The table below summarizes information about the fair value of financial instruments included in the Company’s financial statements at April 30, 2016 and 2015:
 
    April 30, 2016   April 30, 2015
(In thousands)   Carrying
Value
  Fair
Value
  Carrying
Value
  Fair
Value
                 
Cash   $ 602     $ 602     $ 790     $ 790  
Finance receivables, net     334,793       268,926       324,144       256,681  
Accounts payable     12,313       12,313       11,022       11,022  
Revolving credit facilities     107,902       107,902       102,221       102,221  
 
Because no market exists for certain of the Company’s financial instruments, fair value estimates are based on judgments and estimates regarding yield expectations of investors, credit risk and other risk characteristics, including interest rate and prepayment risk.
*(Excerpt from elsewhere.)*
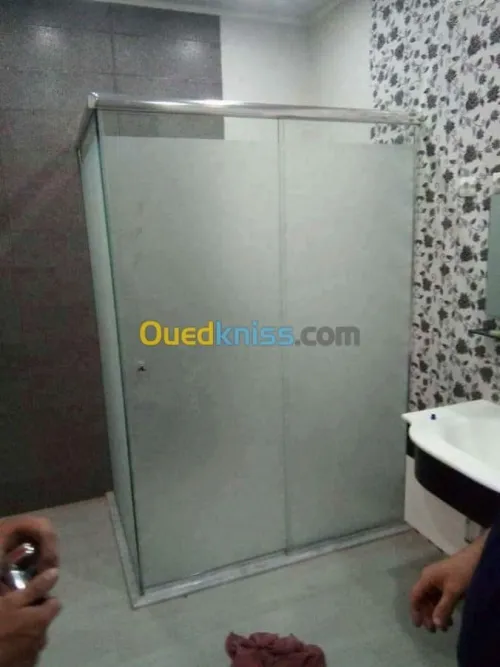 cabine vitrine en verre tremp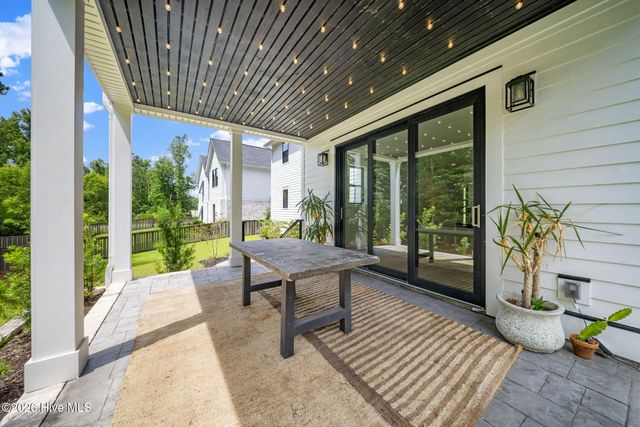 1748 Herons View Drive, Wilmington, NC 28401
These estimates are subjective in nature and involve uncertainties and matters of judgment and therefore cannot be determined with precision. Changes in assumptions could significantly affect these estimates. The methodology and assumptions utilized to estimate the fair value of the Company’s financial instruments are as follows:
 
Financial Instrument
Valuation Methodology
   
Cash The carrying amount is considered to be a reasonable estimate of fair value due to the short-term nature of the financial instrument.
   
Finance receivables, net The Company estimated the fair value of its receivables at what a third party purchaser might be willing to pay. The Company has had discussions with third parties and has bought and sold portfolios, and has had a third party appraisal in November 2012 that indicates a range of 35% to 40% discount to face would be a reasonable fair value in a negotiated third party transaction.  The sale of finance receivables from Car-Mart of Arkansas to Colonial is made at a 38.5% discount. For financial reporting purposes these sale transactions are eliminated. Since the Company does not intend to offer the receivables for sale to an outside third party, the expectation is that the net book value at April 30, 2016, will ultimately be collected. By collecting the accounts internally the Company expects to realize more than a third party purchaser would expect to collect with a servicing requirement and a profit margin included.  
   
Accounts payable The carrying amount is considered to be a reasonable estimate of fair value due to the short-term nature of the financial instrument.
   
Revolving credit facilities The fair value approximates carrying value due to the variable interest rates charged on the borrowings, which reprice frequently.